Indecent prints are the most demoralizing of all the forms that the imitative arts can take. No parents give such pictures to their children, but they cannot always prevent them from being seen, because they often appear in shop-windows, at least in London. The mischief which such prints cause depends on the age and temperament of the spectator: that they do much harm in many cases is notorious. An efficient system of police might possibly check the appearance of such prints in windows, though the question between the boundary of decency and indecency would be often violently disputed. With such kind of prints, however, we have no further concern here, than merely to say that they, as well as those mentioned just before, belong to one large class, which comprehends all prints of all kinds that tend to fix in the mind either false fears or false desires. By fears and desires that are false we mean, as to the first, fears which are an indefinite apprehension of some evil, but are not fears of that class which tend to determine conduct in the right way; as to the second, we mean such notions of present or future pleasure as are not founded in truth, and are proved by general experience to cause misery and not happiness.

According to these principles we object to many prints, which appear in religious books, such as representations of the torments of the wicked in a future life; for, though it has been declared that the wicked shall be punished, we do not know the precise mode of the punishment, nor can we, without a gross act of folly, attempt to represent such subjects. On these principles we object also to some of the illustrations which appear

in such books as Mant's and D'Oyley's Bible, though they are all taken from pictures of various degrees of excellence. None of these illustrations, however, are so absurd as some which appear in the older Bibles, and in various books of devotion. Our objection to most pictorial illustrations of this class is, that they are bad for children, because they are either not the representation of a truth, or because they attempt to represent something which cannot be represented; whether or not they are good for older people is not now our business to inquire.

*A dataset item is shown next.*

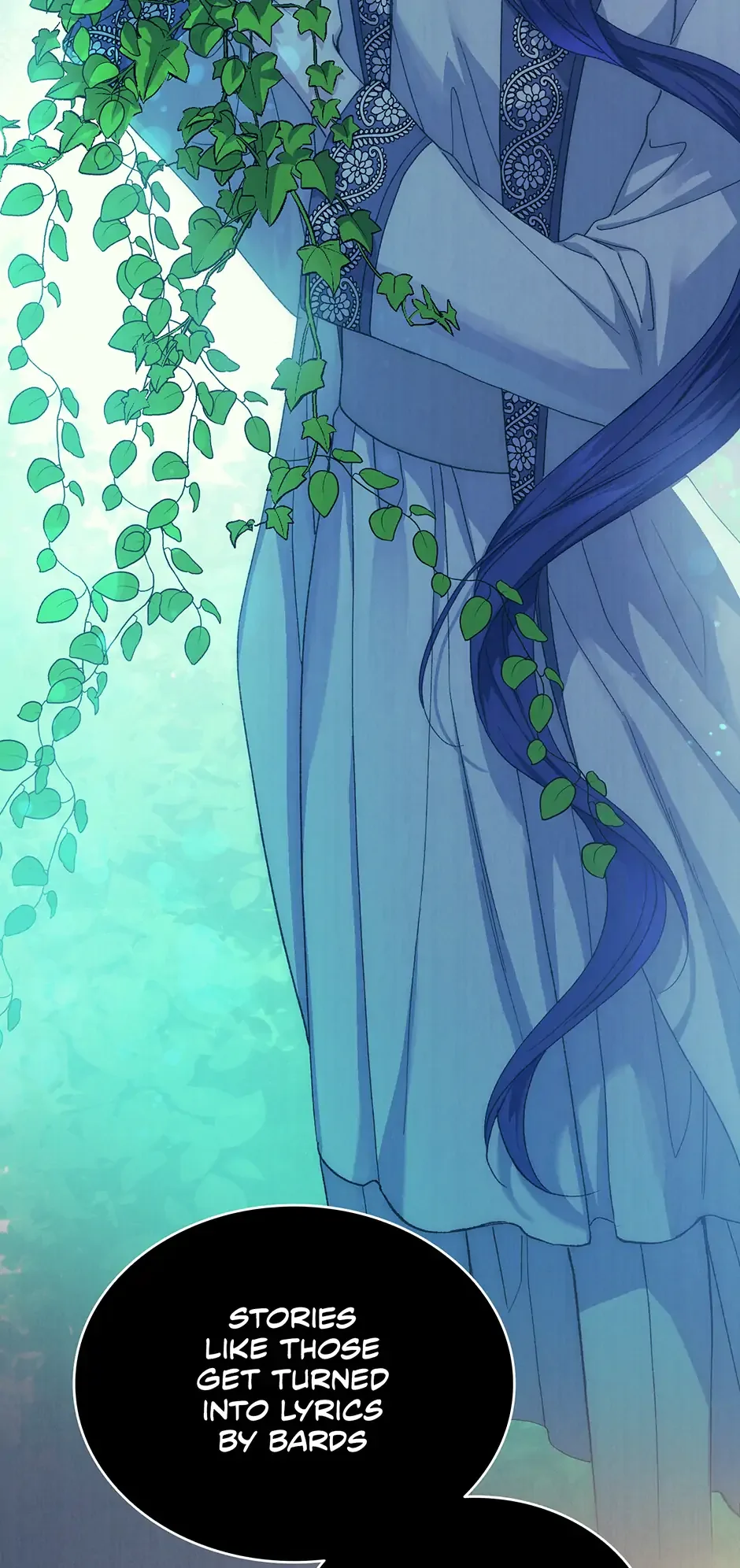 Constellations of the Gods [Official] Chapter 48 page 25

The first proposition laid down was that children should not see prints which tend to mislead or deceive the understanding: the rule may be a very good one, but a wide diversity of opinion may arise upon the interpretation of it. In a recent Number of the Journal of Education (No. XIV. p. 246), a set of historical pictures was recommended as a useful means of fixing great historical events in the memory, and it was there remarked, that Correctness of costume in such prints, or good taste in the drawing, however desirable if they can be easily obtained, are of very subordinate importance. From this remark we entirely dissent: to us such a principle appears likely to be productive of so much mischief as to render null whatever good there may be in the rest of the plan. If we were to make a series of historical illustrations of this kind, and introduce various discordances of dress and circumstance, we should associate in a child's mind a number of things that are not true, with a general fact supposed to be historically true: and the amount of error thus implanted in the mind might be much greater than the worth of the historical fact or facts intended to be fixed

there.

Most persons who have attended to the history of their own minds will probably be able to refer some of their opinions and prejudices of mature age to no better authority or evidence than that of a picture.

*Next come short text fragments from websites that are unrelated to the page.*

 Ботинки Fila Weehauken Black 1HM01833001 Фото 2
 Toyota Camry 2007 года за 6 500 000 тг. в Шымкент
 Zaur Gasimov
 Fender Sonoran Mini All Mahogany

The objection here laid down is one that might be extended by some people to all fiction-to all works of fiction, to all fictitious representations, whether on the stage or in pictures. But our remarks here have reference to children only, nor do we mean to say that even they should be excluded from all pleasures which belong to the class of fiction and imitation. We should all lose

much real pleasure if these arts were banished from life, to the dulness and monotony of which they often give a pleasant stimulus and a cheerful variety. As to children, it may be remarked, as it often has been, that they are not so dull as to take all fictions for realities; and that a child, when he reads fables in which animals and even inanimate things act like rational beings, never for a moment supposes that these things are true, while the value of the moral lesson thus conveyed is not diminished by the wrapping in which it is enveloped. We admit, almost in its full extent, the assertion that children are not deceived by fables; but, on the other hand, we think that, as to any moral benefit, if that is the object aimed at in giving lessons in this form, they are just as efficient as a puppet-show, and no more. If they amuse children and do them no harm, that is enough. But the mischief which arises from allowing children to feed their restless curiosity chiefly on fictitious scenes, whether represented in pictures, or exhibited in the shape of novels, or poetry, is perhaps the cause of a large portion of that feebleness of character which is so apparent in our actual society.

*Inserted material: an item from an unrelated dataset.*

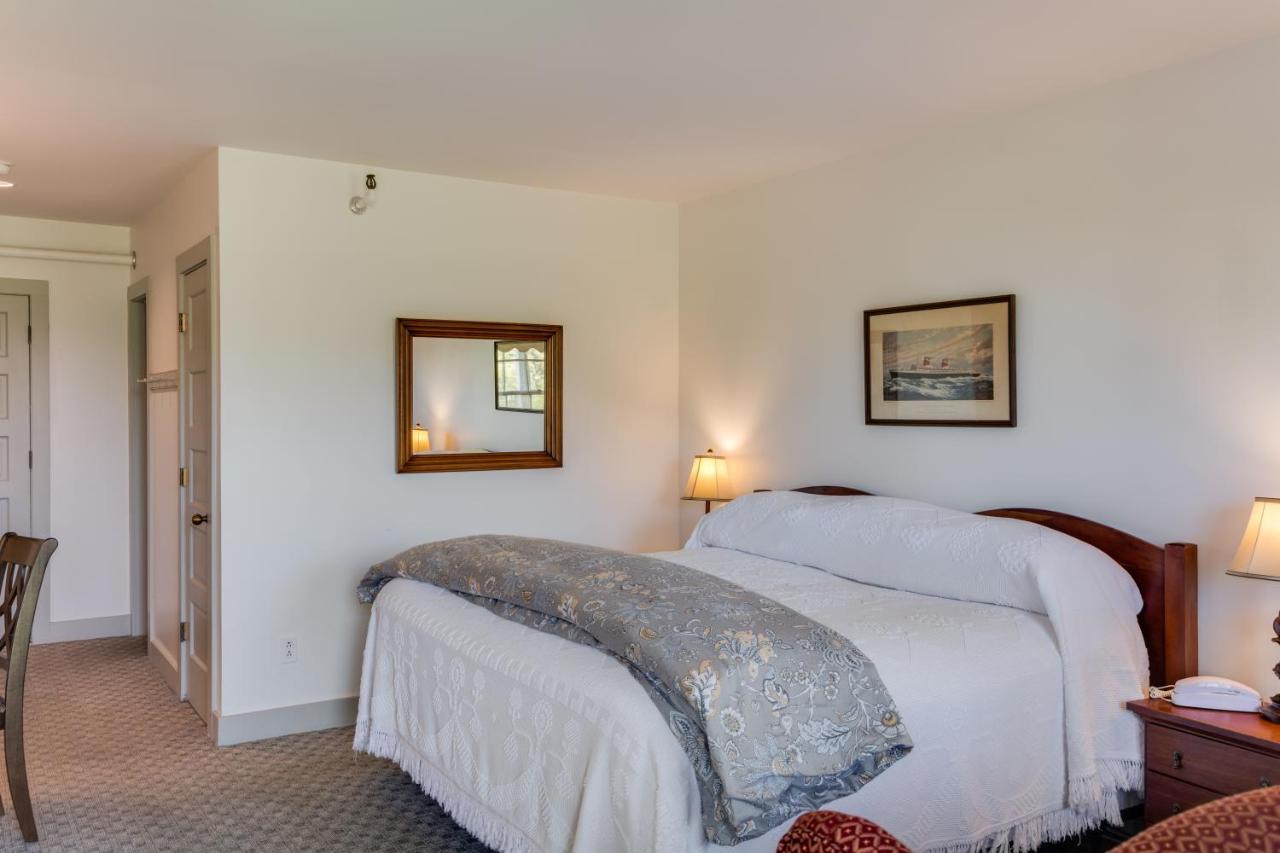 First Colony Inn Nags Head Εξωτερικό φωτογραφία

There is much difficulty in stating accurately the

VOL. II.

question as to the fictitious part of pictorial representation, we mean when it is designed to teach children something by it: if it is merely intended to amuse, we have no objection to all the absurdities and humours which we see in some of the common caricatures. The more absurd and laughable such things are, the better. But when pictures are systematically presented to children with the professed view of inculcating facts, (which it must be remembered will often incidentally inculcate opinions also,) we cannot be too careful to let our facts be true in all cases where particular truth can be attained; and in all other cases, we should give to our pictures at least that general truth and that reasonable probability which will bear the test of future examination, when the child is grown up into a man, with the recollections in his head which it is the professed design of the scheme to make permanent.*

*

* It is designed by this Society to publish a series of prints illustrative of English History. Most of them will be historical scenes, represented, we believe, as far as is practicable, with regard to the conditions which have been here laid down, as neces sary to the usefulness of the scheme. Some of the prints will contain views of edifices and places of historical celebrity, together with correct views of armour, dress, and other things that illus. trate the subject.

51

ON TEACHING ARITHMETIC.

By A. DE MORGAN.

(From the Quarterly Journal of Education, No. IX.)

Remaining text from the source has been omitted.